[UPDATE 6:10am: No change to Community Transit’s service this morning.]

[UPDATE 7:53pm: ST Routes 545 and 560 also will miss some stops in Seattle.]

Here’s Metro’s full press release on the subject. Money quote:

“We decided Sunday night to be proactive, even though we know how unpredictable snowfall can be in King County,” said Metro General Manager Kevin Desmond. “We would rather be over prepared than have buses stuck on regular routes during the middle of a snowy commute in the morning or afternoon.”]

In a pre-emptive move, Metro just announced that all routes will use their snow routing on Monday morning. Take a moment to re-familiarize yourself with your route’s snow route.

Updates will be at Metro’s adverse weather page. We’re told that more information will follow, so check back here.

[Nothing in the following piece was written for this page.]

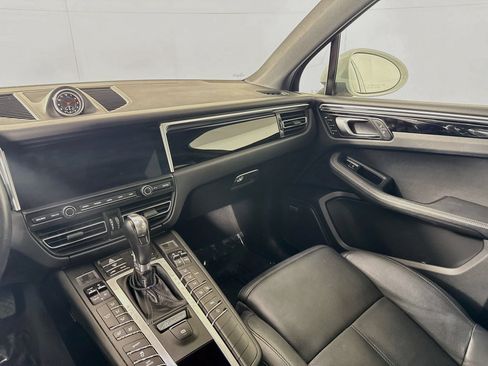 Certified 2020 Porsche Macan AWD/4WD image 24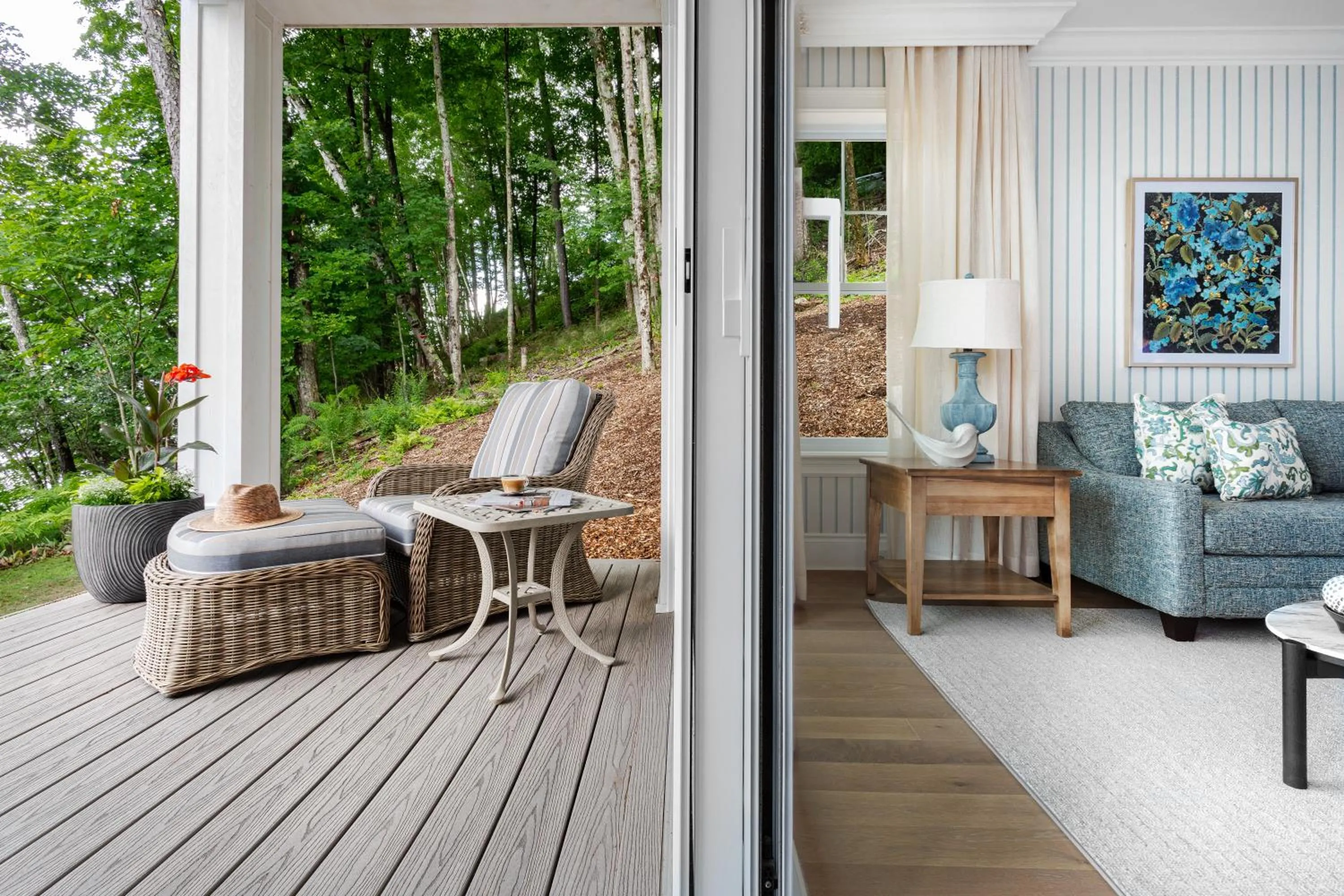 Balcony/Terrace in Manoir Hovey, Relais & Châteaux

47 Replies to “ALERT: Snow Routing Monday Morning”

  1. Are we expecting more (make that, any) snow tonight?

    Here on Queen Anne the only snow I’ve seen today has been scattered flurries that melt instantly on the ground. Snow routes will really mess up the 2/13. Since the 3 doesn’t have a snow route, is it cancelled?

    Sounds like a CYA overreaction to me…

    1. National Weather Service is now calling for 1-3 inches of accumulation. Cliff Mass (local UW weather guru) is leaning towards there not being enough moisture to lead to anything significant. After Snowpocalypse I can sympathize with a CYA overreaction if the NWS is calling it, though. At the least I’m betting the head of SDOT isn’t starting Thanksgiving vacation early :)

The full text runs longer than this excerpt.